Адмирал старался угодить Наполеону, насколько позволяли обстоятельства, и, зная, что тот привык много времени проводить в седле и принуждал своих спутников делать то же самое, раздобыл в Кейптауне трех неплохих верховых лошадей. Наполеон уже собирался воспользоваться плодами такой заботы, когда обнаружил, что какой-то английский офицер намерен оседлать лошадь и последовать за ним. Он тотчас отказался от мысли ездить верхом и потребовал, чтобы подарок вернули, но потом, решив, что отплатить адмиралу за его заботу подобным образом было бы несправедливо, оставил лошадей, твердо решив не использовать их.
Его спутники вели себя неразумно и лишь усиливали его злость, рассказывая, как с ними обращаются в Джеймстауне. За каждым их движением наблюдали, за ними повсюду следовал солдат, и они горько жаловались на эти досадные неприятности своему господину, который переживал из-за их мучений больше, чем из-за своих. Наконец Наполеон не мог больше сдерживаться и повторил то, что уже говорил лорду Кейту: по отношению к нему грубо нарушаются права народов и права человека; он не является военнопленным и по своей воле сдался англичанам, взывая к их великодушию, которое, как оказалось, ничего не стоит; он мог бы пойти к Луаре и продолжать безнадежную войну или отправиться к своему тестю или своему старому другу императору Александру, которым по законам родства или чести пришлось бы отнестись к нему с уважением; следовательно, англичане не имеют права обращаться с ним как с заключенным; причем это право в любом случае прекращается после окончания войны, и даже в отношении заключенных существуют определенные правила, связанные с их званием и положением. Потом Наполеон вспомнил, как вел себя с австрийским императором и прусским королем, которых мог свергнуть с престола, или с русским императором, которого мог взять в плен в Аустерлице; но он избавил их от самых худших последствий поражения и теперь гневно сравнивал свою и их манеру поведения, забыв в своих красноречивых упреках истинную причину этого различия: когда он так хорошо обращался с Александром, Фридрихом-Вильгельмом и Францем II, они не внушали ему страха, тогда как, даже побежденный, Наполеон наводил ужас на весь мир и именно своему гению был обязан столь необычной формой заключения.

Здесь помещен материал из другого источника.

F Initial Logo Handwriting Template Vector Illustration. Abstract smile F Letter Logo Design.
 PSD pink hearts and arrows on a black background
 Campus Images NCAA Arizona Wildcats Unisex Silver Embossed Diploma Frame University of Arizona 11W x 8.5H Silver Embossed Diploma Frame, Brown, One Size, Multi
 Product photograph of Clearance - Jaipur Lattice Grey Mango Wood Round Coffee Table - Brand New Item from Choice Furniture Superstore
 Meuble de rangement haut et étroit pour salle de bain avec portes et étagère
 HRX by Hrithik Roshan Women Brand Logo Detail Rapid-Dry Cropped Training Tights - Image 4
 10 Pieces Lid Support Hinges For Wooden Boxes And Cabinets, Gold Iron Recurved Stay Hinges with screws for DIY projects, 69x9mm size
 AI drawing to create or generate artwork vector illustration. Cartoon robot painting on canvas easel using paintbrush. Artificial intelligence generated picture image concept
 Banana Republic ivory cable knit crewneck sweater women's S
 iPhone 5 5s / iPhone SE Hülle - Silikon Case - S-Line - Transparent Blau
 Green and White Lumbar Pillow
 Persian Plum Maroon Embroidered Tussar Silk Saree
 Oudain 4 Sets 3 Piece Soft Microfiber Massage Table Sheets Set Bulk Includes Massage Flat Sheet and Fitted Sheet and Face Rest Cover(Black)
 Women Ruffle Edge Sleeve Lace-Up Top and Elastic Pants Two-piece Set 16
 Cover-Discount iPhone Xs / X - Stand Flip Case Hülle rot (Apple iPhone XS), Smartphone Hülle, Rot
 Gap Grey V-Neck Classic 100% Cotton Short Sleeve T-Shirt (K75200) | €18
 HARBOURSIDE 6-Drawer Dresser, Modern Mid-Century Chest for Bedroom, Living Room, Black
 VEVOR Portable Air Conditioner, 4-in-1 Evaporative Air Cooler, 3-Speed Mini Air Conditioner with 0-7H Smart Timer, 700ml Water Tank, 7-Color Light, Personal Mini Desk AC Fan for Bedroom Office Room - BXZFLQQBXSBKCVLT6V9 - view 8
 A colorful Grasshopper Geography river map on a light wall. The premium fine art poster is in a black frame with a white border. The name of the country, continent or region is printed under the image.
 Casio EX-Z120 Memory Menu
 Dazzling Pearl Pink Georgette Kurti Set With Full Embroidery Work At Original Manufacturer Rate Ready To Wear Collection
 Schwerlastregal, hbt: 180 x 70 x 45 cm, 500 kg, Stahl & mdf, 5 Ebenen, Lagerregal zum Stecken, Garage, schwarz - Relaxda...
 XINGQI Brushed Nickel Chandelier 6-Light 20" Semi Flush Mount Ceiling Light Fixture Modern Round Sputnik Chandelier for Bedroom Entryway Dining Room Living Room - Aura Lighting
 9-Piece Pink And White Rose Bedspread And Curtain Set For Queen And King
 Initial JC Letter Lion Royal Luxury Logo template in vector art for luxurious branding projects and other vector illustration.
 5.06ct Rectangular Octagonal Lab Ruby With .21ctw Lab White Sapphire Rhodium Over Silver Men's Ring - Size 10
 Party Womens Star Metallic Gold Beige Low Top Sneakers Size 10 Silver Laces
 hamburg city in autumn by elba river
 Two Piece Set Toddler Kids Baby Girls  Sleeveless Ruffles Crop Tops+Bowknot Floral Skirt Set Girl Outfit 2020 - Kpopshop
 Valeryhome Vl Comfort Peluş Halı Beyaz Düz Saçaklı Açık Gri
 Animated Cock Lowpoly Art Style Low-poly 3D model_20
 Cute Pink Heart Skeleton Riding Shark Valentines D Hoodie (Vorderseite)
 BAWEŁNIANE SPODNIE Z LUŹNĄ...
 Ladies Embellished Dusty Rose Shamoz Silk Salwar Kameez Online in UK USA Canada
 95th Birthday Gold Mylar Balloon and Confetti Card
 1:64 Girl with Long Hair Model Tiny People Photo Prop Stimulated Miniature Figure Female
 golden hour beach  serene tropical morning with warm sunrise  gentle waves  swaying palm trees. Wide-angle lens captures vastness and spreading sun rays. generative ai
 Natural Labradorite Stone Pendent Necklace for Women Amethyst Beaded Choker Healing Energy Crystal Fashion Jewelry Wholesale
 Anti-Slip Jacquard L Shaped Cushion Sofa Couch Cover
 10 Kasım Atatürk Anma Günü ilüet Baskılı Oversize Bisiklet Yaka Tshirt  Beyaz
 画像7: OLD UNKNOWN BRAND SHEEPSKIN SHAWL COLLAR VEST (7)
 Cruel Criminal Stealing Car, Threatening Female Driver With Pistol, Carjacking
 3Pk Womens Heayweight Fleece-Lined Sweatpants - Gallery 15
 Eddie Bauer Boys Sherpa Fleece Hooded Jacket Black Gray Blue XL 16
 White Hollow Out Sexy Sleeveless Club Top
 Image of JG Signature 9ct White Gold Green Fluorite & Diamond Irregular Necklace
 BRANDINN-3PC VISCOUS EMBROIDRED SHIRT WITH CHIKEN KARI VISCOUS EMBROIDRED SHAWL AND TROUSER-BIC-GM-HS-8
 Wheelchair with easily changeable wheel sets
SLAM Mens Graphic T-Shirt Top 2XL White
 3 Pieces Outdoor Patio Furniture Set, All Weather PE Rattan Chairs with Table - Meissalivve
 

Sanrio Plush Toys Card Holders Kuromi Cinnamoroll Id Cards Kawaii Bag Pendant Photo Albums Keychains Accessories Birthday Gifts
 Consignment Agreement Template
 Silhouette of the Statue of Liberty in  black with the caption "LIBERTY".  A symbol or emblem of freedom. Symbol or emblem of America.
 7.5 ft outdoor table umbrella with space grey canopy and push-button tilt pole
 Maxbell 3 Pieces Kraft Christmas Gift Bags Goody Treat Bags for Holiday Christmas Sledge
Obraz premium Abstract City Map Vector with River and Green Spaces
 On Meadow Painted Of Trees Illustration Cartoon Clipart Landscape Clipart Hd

Эта вспышка ярости немного сняла напряжение, и Наполеон воскликнул: «Мне не пристало жаловаться! Достоинство велит мне молча сносить все страдания, но к вам эти ограничения не относятся, поэтому вы жаловаться вправе. У вас есть жены и дети, и было бы бесчеловечно подвергать их таких испытаниям. По одной только этой причине вы должны протестовать против такого обращения». Пленники действительно пожаловались, и адмирал приложил все силы, чтобы сделать жизнь французов в Джеймстауне более сносной. Он не ослабил наблюдение, но приказал своим офицерам вести себя более деликатно.